Handshaking during a job interview
If the employer offers his or her hand, give a firm handshake, but don’t squeeze it. Source: Andrea Piacquadio / Pexels

2. Balance Your Eye Contact

One of the key body language tips for a job interview is eye contact. It suggests your engagement with the situation. This will help you concentrate on what is being said.

Saying this, try to hold your gaze for up to three seconds, and make it as you listen attentively and respond to questions. Moreover, keep in mind that in Asian cultures, eye contact occurs less frequently and for shorter durations than in the West.

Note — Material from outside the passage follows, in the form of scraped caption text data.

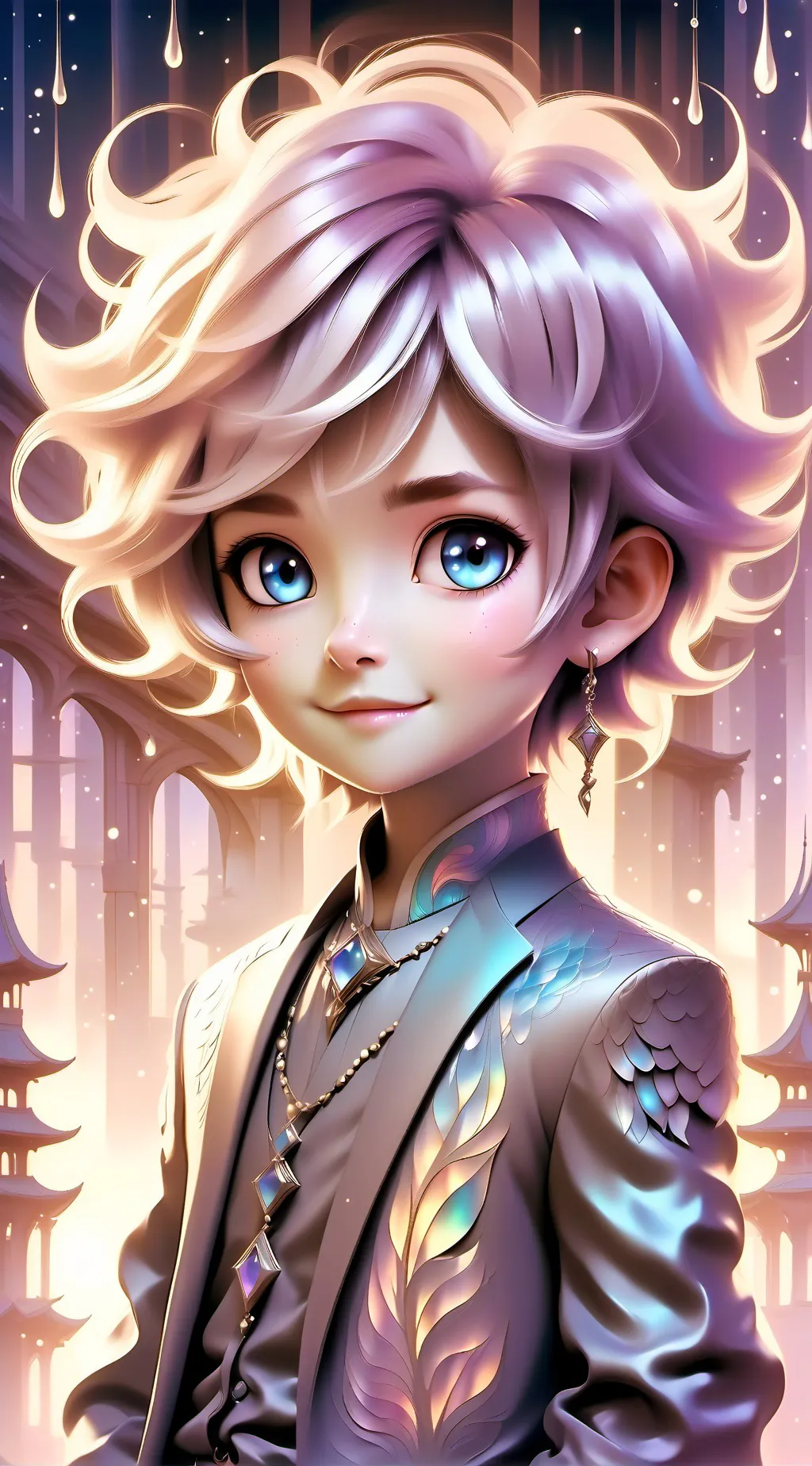 ai character: Lumin background
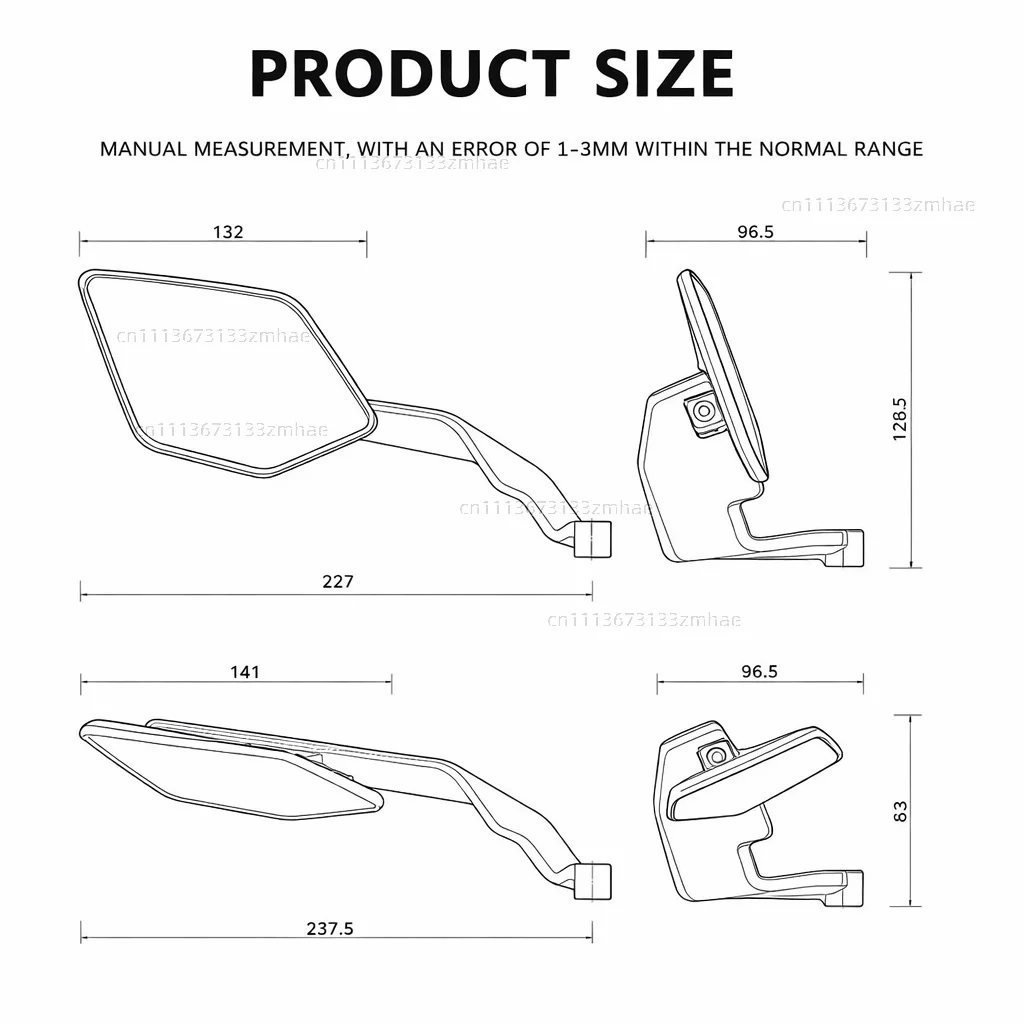 For Aprilia DORSODURO 750 DORSODURO1200 Motorcycle Wing Mirrors Rearview Rotating NEW Rearview Side Mirror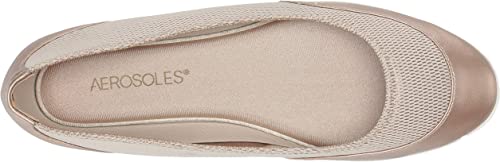 AEROSOLES GET SMART Women's Ballet, Gold Combo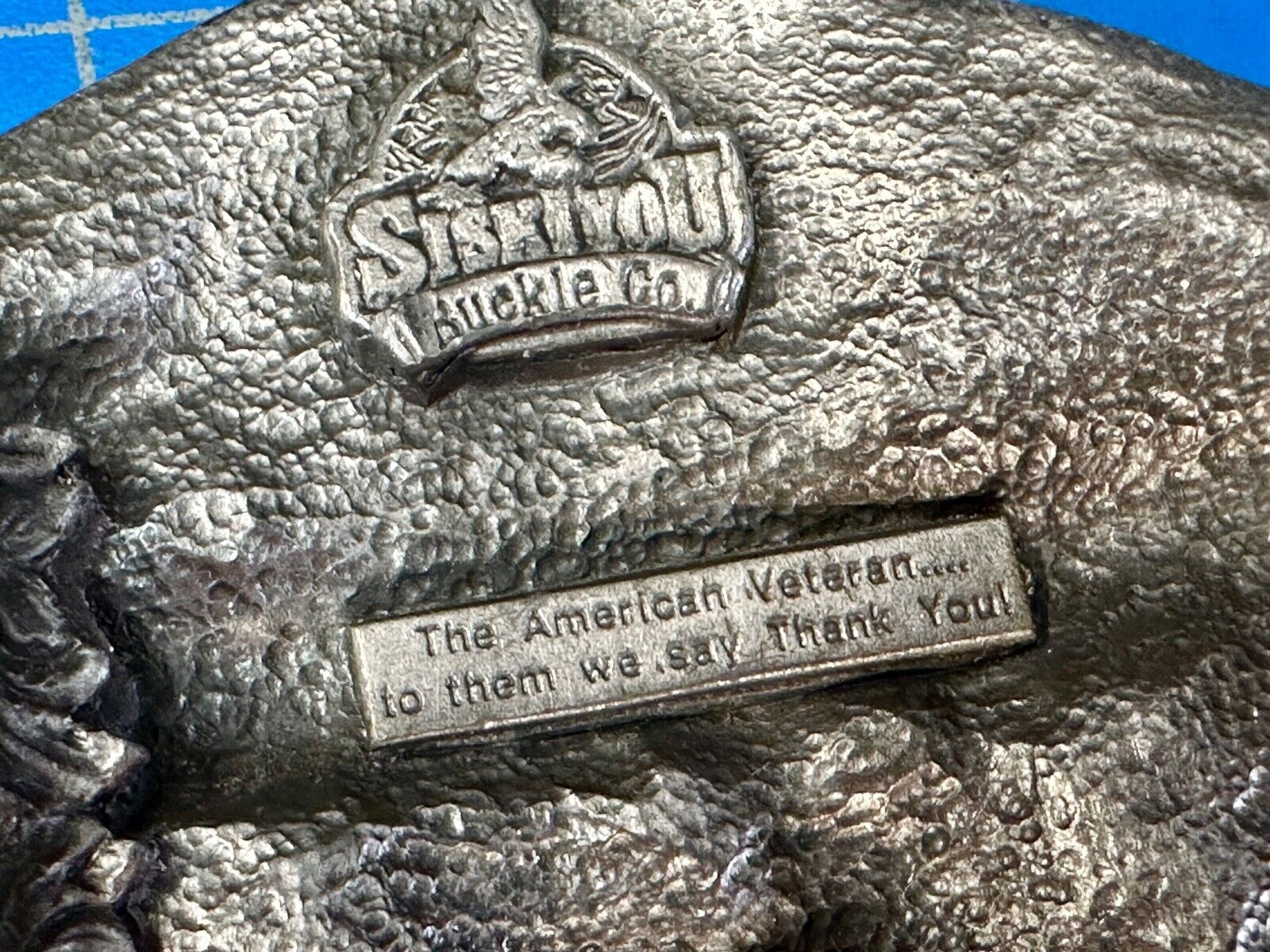 The American Veteran -  Vintage 1988 Siskiyou Limited belt buckle      Thank you
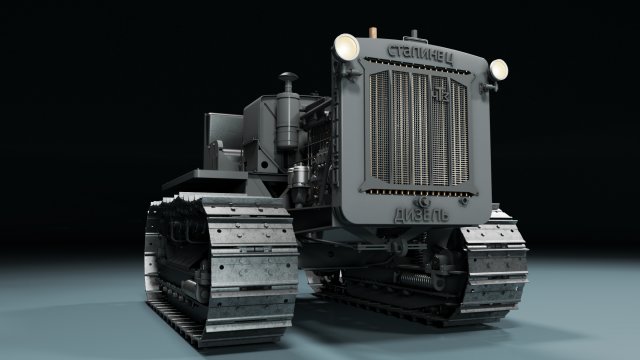 Tractor c65 3Dモデル .c4d .max .obj .3ds .fbx .stl .blend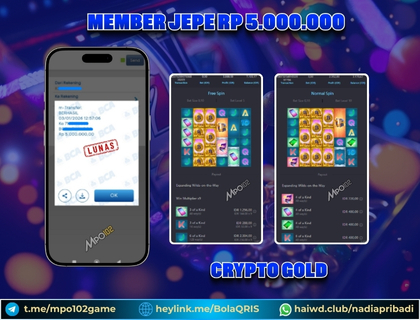 BUKTI KEMENANGAN MEMBER DARI MPO102 SLOT GAME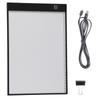 A4 LED Art Board Light Pad Tracing Drawing Table Board 3-mode Dimming Separate Type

In an online interview, put the videoconferencing window right by the camera so you can look straight into it to simulate eye contact, and try not to look away at other things on your screen.

3. Share a Genuine Smile

The expressiveness of the face is highly important. Studies show that smiling lively and expressive facial expressions evoke positive responses from others and show you’re comfortable with the conversation.

Although it’s a formal conversation, avoid being too serious. You’re interviewing for a job because you want it, express your enthusiasm for it! In general, maintain a fairly balanced smile, neither too timid nor too exaggerating.

4. Nod Occasionally to Show Agreement

Nodding is an excellent way to show interest and agreement. Giving a nod is a signal of acceptance and you’re listening. Of course, do it when it’s appropriate, if not, you’ll eradicate all the positive body signals shown previously.

5. Talk with Your Hands in a Gentle Manner

Part of the body language tips for a job interview is to talk with your hands to help listeners visualize what you’re saying. Also, making gentle hand gestures as you speak can help you bring your nerves under control. Still, too many hand movements at the beginning aren’t good. The proper way is to add them gradually throughout the conversation.

Furthermore, if you sit at a table or desk for the interview, keep your hands open and visible. If you have nothing in front of you, keep them in your lap or on the armrest of the chair.

Open palms are a sign of peaceful intentions. This is also a signal to the interviewers that their words are being experienced as respectful, and valuable (…). The more frequently you stretch out your hands, the greater the openness and honesty you will communicate. This gesture can be strengthened by spreading the fingers or bending them upward so that the hand forms a kind of cup.

Kasia Wezowski & Patryk Wezowski

On the other hand, in a video interview, you should also use your hands, just make sure you are far enough from the camera.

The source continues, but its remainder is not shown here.